─── Entries supplied ───

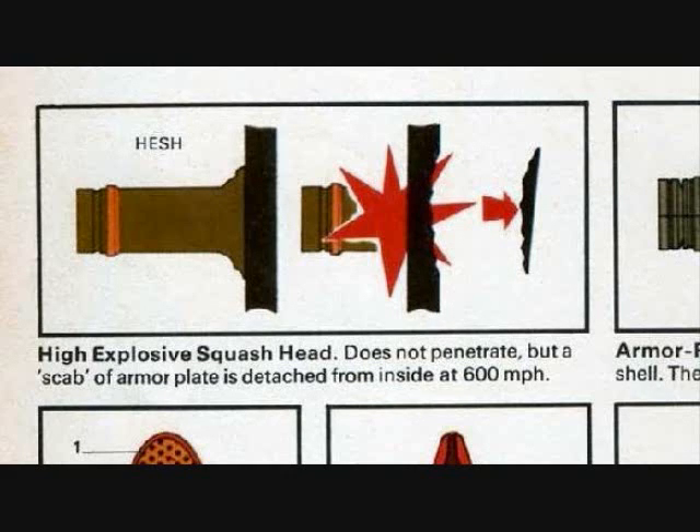HESH — high explosive squash head — warheads work by flattening themselves against the armored surface like a lump of clay. When detonated, the explosive force causes a transfer through the metal, like a billiard ball striking another, stopping and causing the other ball to get in motion. This force causes a piece of armor on the inside of the tank to buckle and detach, flying around at high speed and mangling the crew and equipment. Spacing works against HESH; however, ERA and composite armor in their basic form do not. As long as you have continuous armor between the outer and inner surface, HESH will most likely kill you.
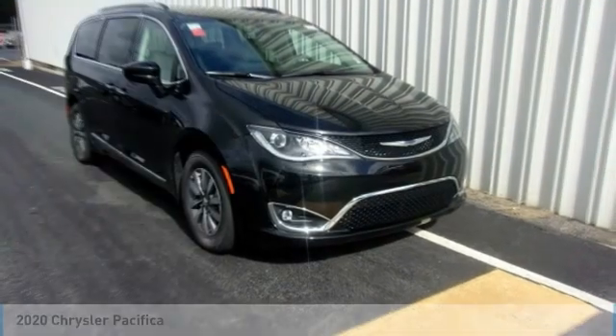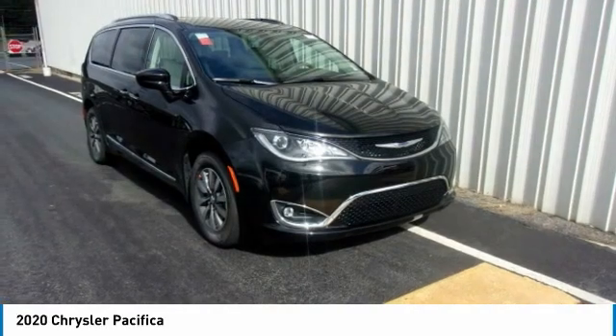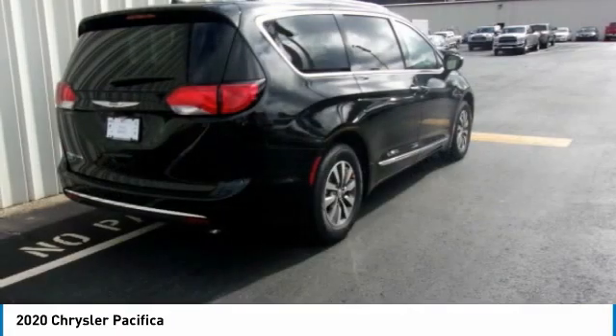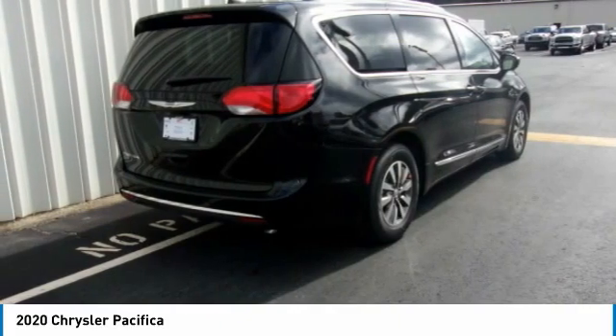In the 2020 Pacifica, the Pacifica crossover features the driving attributes of a sedan and the utility and space of a minivan or SUV. The Pacifica has top-notch safety scores, an upscale interior, and a spacious cabin that leaves room for your family to grow.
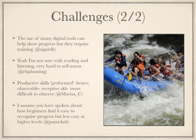Other concerns were that while digital tools can be helpful, they require training, that reading and listening are hard to self-assess, and that receptive skills are more difficult to observe than productive skills. Glenis pointed out that when she could read Emile Zola in French, she knew she had made a lot of progress. Hada agreed, writing she got a feeling of progress when she could understand radio broadcasts.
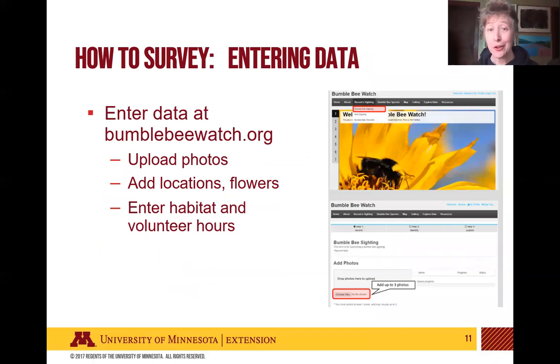Once you're done collecting data and back home, you can work on entering your data through Bumblebee Watch, as part of the Minnesota Bumblebee Atlas project. You'll upload photos and locations, so make sure you're keeping accurate location records — we just need the center of the one site where you surveyed — as well as the floral associations. You'll also enter habitat information, as well as information about the amount of time you spent so we can keep track of the valuable service you're providing.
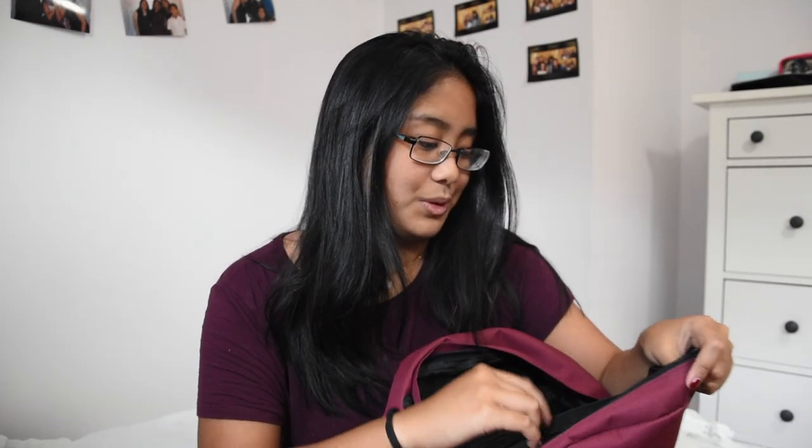Moving on to the small mesh pouch at the front — the first thing I'm just not going to talk about. Next I have my wallet, because I like to buy lunch or go out with friends on my off periods and get Starbucks or something. I don't keep much money in here — maybe 20 or 30 dollars max, because high schoolers are not trustworthy and your valuables will get stolen.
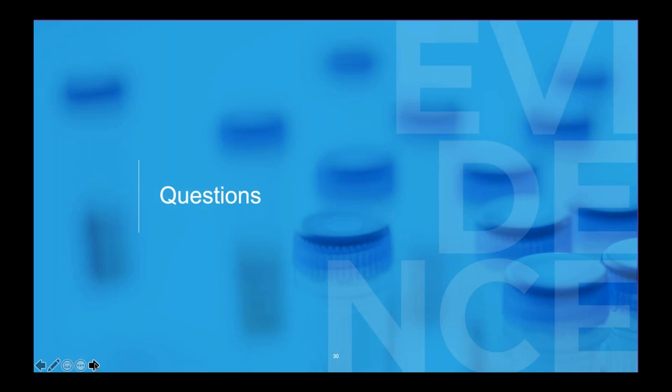I think we covered it. I don't see any other questions. Thank you so much for the insight and the data you presented from the University of Chicago. And thank you to the audience for coming and taking time out of your busy schedules. If you're listening to this in a recording, thanks for listening to Kyle and me — we appreciate your time.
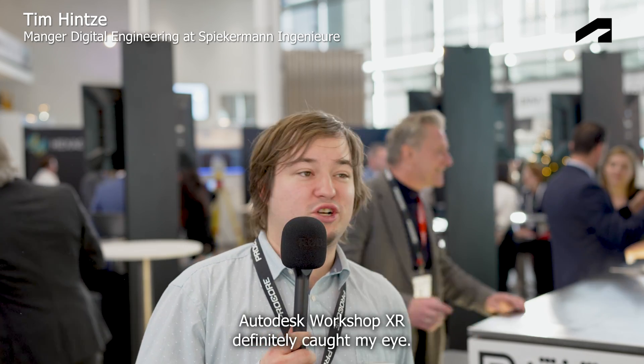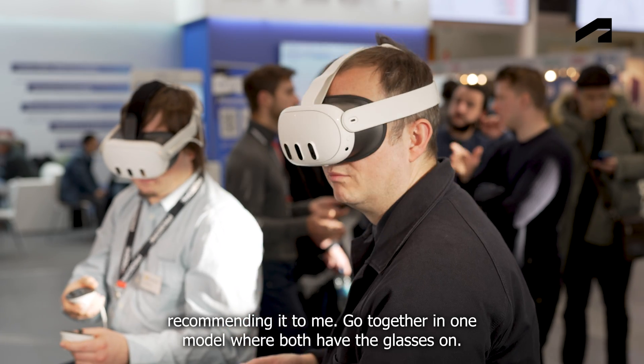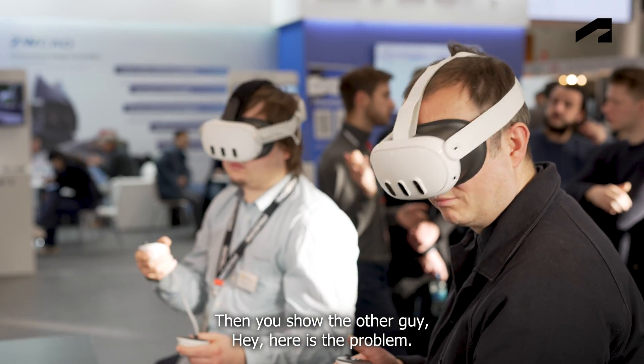I gotta say the Autodesk Workshop XR definitely caught my eye. I got some colleagues already recommending me to go together in one model, both have the glasses on, then you show the other guy 'hey, here's a problem,' document the problems you saw and have something you can later make a check on.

───

Your reply should be the entries copied exactly, with all images omitted.

• **Solution**:
HESH — high explosive squash head — warheads work by flattening themselves against the armored surface like a lump of clay. When detonated, the explosive force causes a transfer through the metal, like a billiard ball striking another, stopping and causing the other ball to get in motion. This force causes a piece of armor on the inside of the tank to buckle and detach, flying around at high speed and mangling the crew and equipment. Spacing works against HESH; however, ERA and composite armor in their basic form do not. As long as you have continuous armor between the outer and inner surface, HESH will most likely kill you.
In the 2020 Pacifica, the Pacifica crossover features the driving attributes of a sedan and the utility and space of a minivan or SUV. The Pacifica has top-notch safety scores, an upscale interior, and a spacious cabin that leaves room for your family to grow.
Other concerns were that while digital tools can be helpful, they require training, that reading and listening are hard to self-assess, and that receptive skills are more difficult to observe than productive skills. Glenis pointed out that when she could read Emile Zola in French, she knew she had made a lot of progress. Hada agreed, writing she got a feeling of progress when she could understand radio broadcasts.
Once you're done collecting data and back home, you can work on entering your data through Bumblebee Watch, as part of the Minnesota Bumblebee Atlas project. You'll upload photos and locations, so make sure you're keeping accurate location records — we just need the center of the one site where you surveyed — as well as the floral associations. You'll also enter habitat information, as well as information about the amount of time you spent so we can keep track of the valuable service you're providing.
Moving on to the small mesh pouch at the front — the first thing I'm just not going to talk about. Next I have my wallet, because I like to buy lunch or go out with friends on my off periods and get Starbucks or something. I don't keep much money in here — maybe 20 or 30 dollars max, because high schoolers are not trustworthy and your valuables will get stolen.
I think we covered it. I don't see any other questions. Thank you so much for the insight and the data you presented from the University of Chicago. And thank you to the audience for coming and taking time out of your busy schedules. If you're listening to this in a recording, thanks for listening to Kyle and me — we appreciate your time.
I gotta say the Autodesk Workshop XR definitely caught my eye. I got some colleagues already recommending me to go together in one model, both have the glasses on, then you show the other guy 'hey, here's a problem,' document the problems you saw and have something you can later make a check on.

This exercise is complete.